The Cotopaxi tour starts at 14,769 feet, just below the hut that climbers use to overnight before launching their attempts to top the snow-capped volcano - six hours of climbing, eight hours of walking down. While Reid's husband Ken was getting ready to climb the summit, she opted to ride down, through moss and lychen-covered lava fields, across a volcanic ash valley and finally through a pine forest to the entrance to the Cotopaxi national park at the 6,564-foot level.
That's an 8,205-foot drop in 20 miles and three hours, including a half-hour lunch stop and several brief breaks to take in the stunning views, breathe a bit and relax hands that keep a death drip on the brakes. ``Marvelous. Just incredible,'' gushed Amsterdam tourist Willemyn Pare after finishing the trip through a steep gully that opened into a stunning view of the volcano.
Other guided tours are just as impressive. One starts at a 13,784-foot high mountain pass east of Quito, el Paso de la Virgen, and drops for 21 miles into Ecuador's steamy Pacific coast. Bikers ride trucks back to the top, lunch near the Papallacta hot springs and then ride another 18 miles down to the Tumbaco valley. Another one-day tour takes bikers to the marker for the Equator - they don't call this country Ecuador for nothing - and later the village of Calacali for the start of a 24-mile downhill into a subtropical forest.

Companies like Biking Dutchman, Ugsha and Adventour can string together one-day tours into 10 and 14-day tours for large groups.

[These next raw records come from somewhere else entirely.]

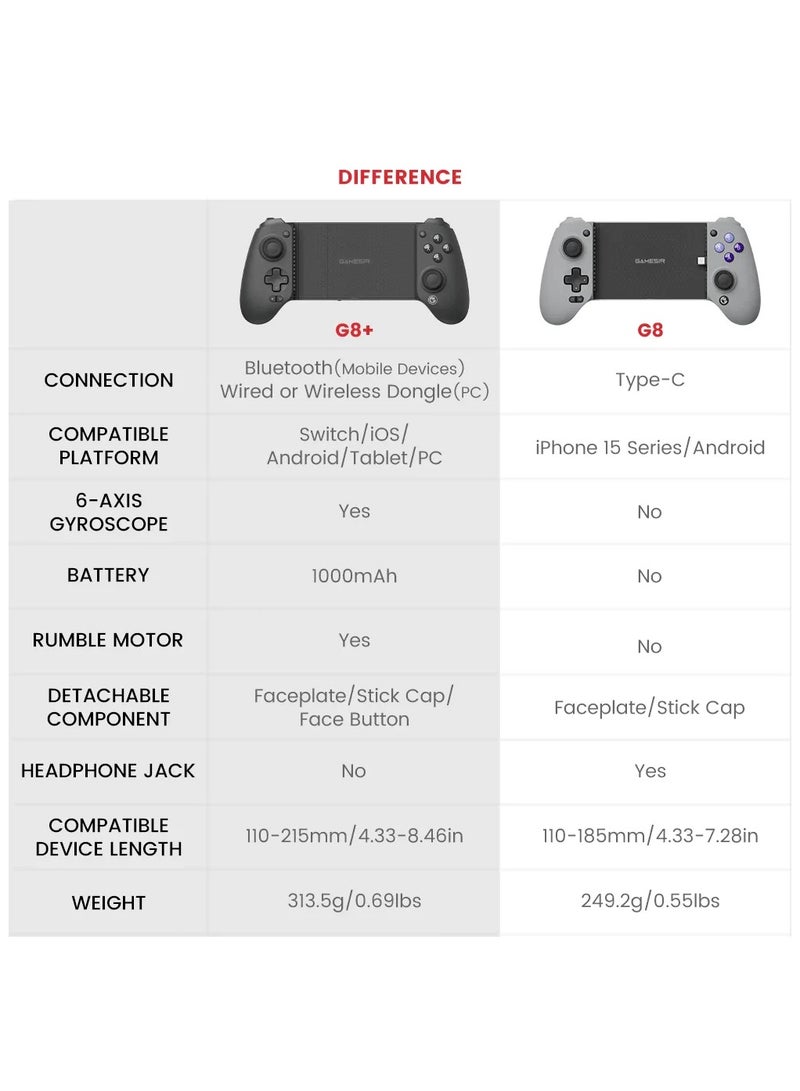 GameSir Wireless Gamepad GameSir G8+Bluetooth Mobile Controller 2.4G Receiver Flagship Controller for Switch Steam Android iOS HarmonyOS PC iPad Joycon with Hall Effect Joysticks/Hall Trigger - Image 2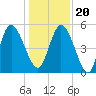 Tide chart for Bluff Islands, Ashepoo River, South Carolina on 2023/12/20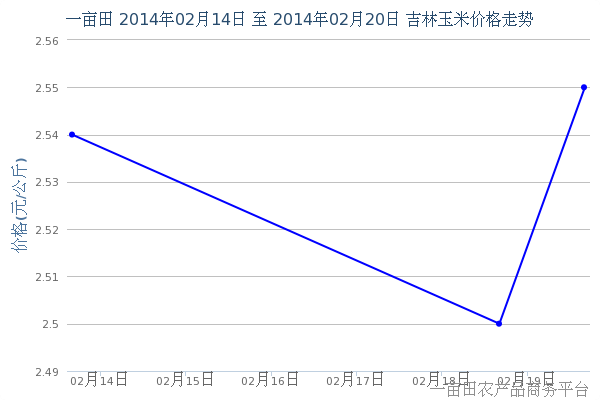 2月22日早间吉林最新玉米价格走势 - 2月22日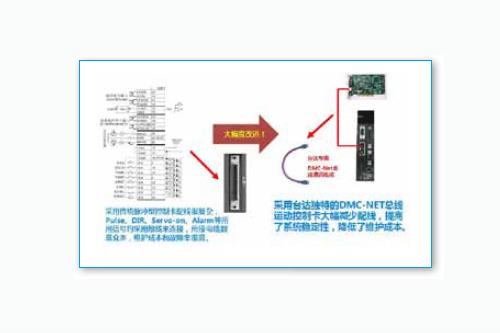 東莞市豐石電子科技有限公司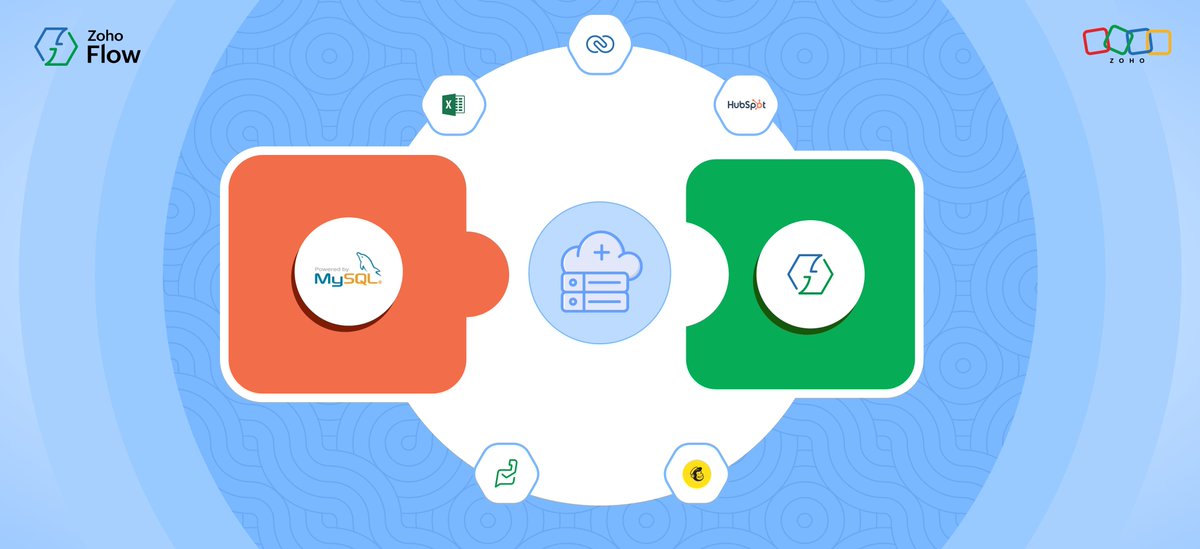 ZohoFlow's tweet image. This article explains the importance of having a tightly integrated mix of on-prem and cloud apps for businesses. Check it out to get practical insights and improve your workflow with MySQL and other apps: zoho.com/flow/articles/…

Bikers can also opt for self-guided rides out of Banos, a picturesque town a 31/2-hour bus ride south of Quito quickly earning a reputation as a delightful stop for easy riders.
Tourists can rent bikes for $5-$7 a day at any of a dozen shops in the 4,600-foot high town, then ride down 39 miles to the Amazon Basin town of Tunje before taking public buses back up the hill - for 25 U.S. cents. The ride is on the shoulders of a paved road with some traffic, but bikers pass by 320 waterfalls, clutches of wild orchids and an occasional pride of monkeys, according to experienced guides.
Tours to Guagua Pichincha have been closed for several months because of volcanic rumblings, but guides say the activity has dropped in recent weeks and they expect to be allowed to drive up to the crater's edge again soon.
Bikers should bring sunglasses and lots of sunblock - El Sol really burns at these altitudes - plus a first-aid kit. U.S. doctors can prescribe a preventive medicine for altitude sickness often used by skiers and mountain climbers.
Clothing should be many-layered - it can be nastily cold and wet at the top of a ride and hot and muggy at the bottom - and include long bicycling pants to protect against the odd fall.
Most tour companies provide good-quality helmets but only cloth gloves. Bikes lack clipless pedals, so either bring boots and sneakers or bring your own pedals and cycling shoes. ``It is an incredible experience,'' said Pare.